◆ Aim of the exercise:
Exact reproduction is required for the lines below starting at the line with "Escuchar podcast Rebelión" and ending at the line with "Folding Table (YY00-09)", both included. No other lines, and no pictures.

◆ Available data:

***

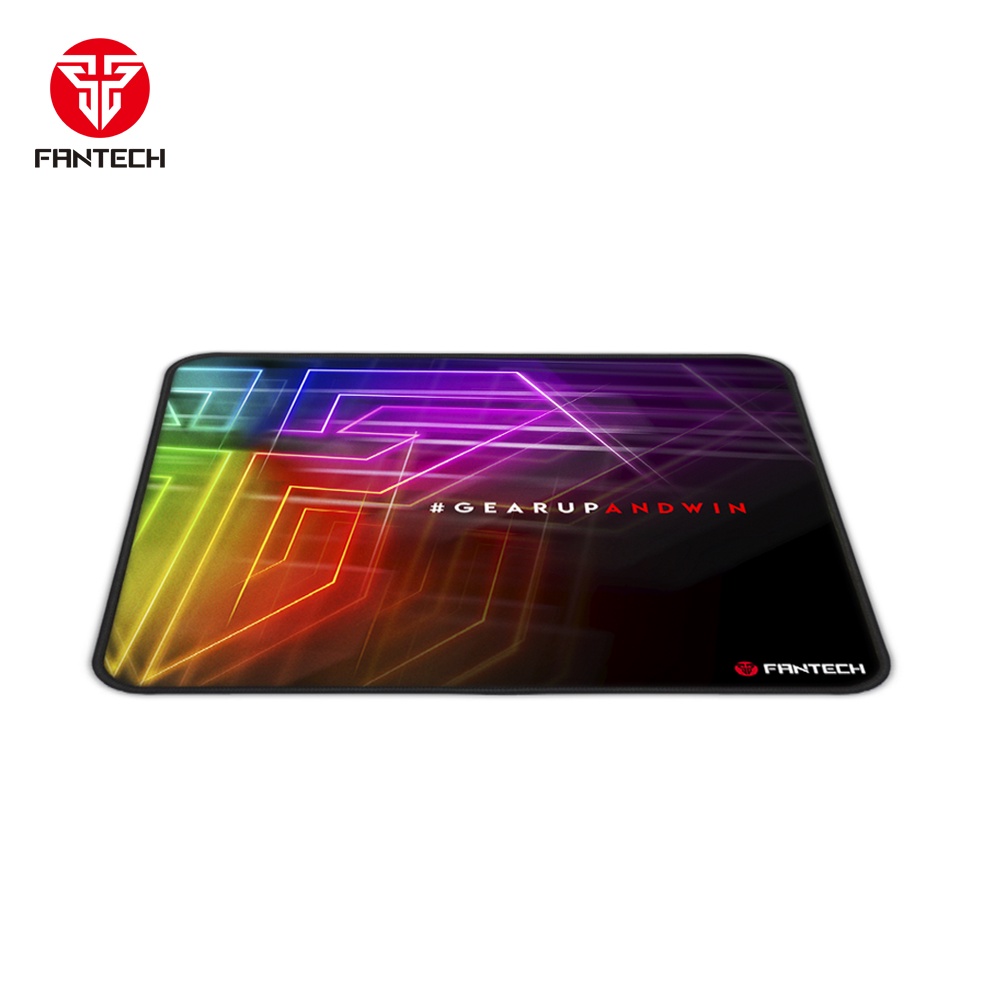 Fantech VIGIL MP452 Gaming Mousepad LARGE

***

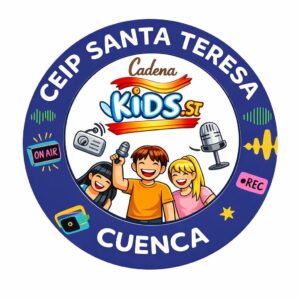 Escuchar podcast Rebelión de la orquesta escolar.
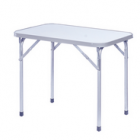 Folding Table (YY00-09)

***

◆ Solution to this task:
 Escuchar podcast Rebelión de la orquesta escolar.
 Folding Table (YY00-09)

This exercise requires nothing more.